My friend, Coulter, who essentially blames the demise of society on single mothers, excludes women whose husbands have died.
“The 6.5 percent of single mothers whose husbands have died shouldn’t be called ‘single mothers’ at all. We already have a word for them: widows. Their children do just fine compared with the children of married parents,” she said in her book “Guilty: Liberal Victims and Their Assault on America.”
Well thanks, Ann, good to know that my mother is excused because she didn’t divorce my dad or have me out of wedlock. But that doesn’t mean she didn’t raise me by herself, alone, single handedly. And I wonder what makes the child of a widow any less screwed up then that of a divorced or single woman?
Coulter also states in her book that “as a society, we need to understand: staying in marriage, even a bad marriage, is better for the children except in the most egregious cases because single parents, even conscientious, well-meaning single parents, generally don’t do as good a job raising their children as two parent families.”

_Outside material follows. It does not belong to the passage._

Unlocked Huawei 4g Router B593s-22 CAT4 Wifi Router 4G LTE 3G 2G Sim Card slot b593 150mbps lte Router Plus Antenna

Regardless of what her statistics say, this is quite the statement coming from a woman who has never been married and has no children.
Single parents are often stereotyped by women like Coulter as being flaky and irresponsible. What is this based on? Coulter’s high and mighty Republican values? You can be a bad parent no matter what your marital status is or which political party you affiliate with. And those who are raising their children alone, whether it be by choice or circumstance, have it twice as hard as the average parent.
My mother has found that people are quick to judge and then curious to find out why she is raising a child alone. They always assume divorce, rather than death, and seem almost relieved to find out that she was widowed.
Like I mentioned earlier, I have been thinking about how good I’ve had it. After my dad’s death I think my mom seriously contemplated climbing into a martini glass and drowning herself. But instead she poured herself into making sure I was all right. It’s weird to think that I could have had a mother who had as many dates as her daughter, or drank like it was her job, but I don’t. The only man that could fill my dad’s place in her heart would literally have to be Superman. And although my mom has a career in counseling and education, her main job was me and making sure I was OK.
Statistics may show that their children are at a disadvantage, and while their contribution isn’t as obvious as saving the world from mass destruction, single parents are doing their part to make the world a better place, one kid at a time. And in the real world, that’s what matters.
Bridget Veltri is a journalism senior and Mustang Daily reporter.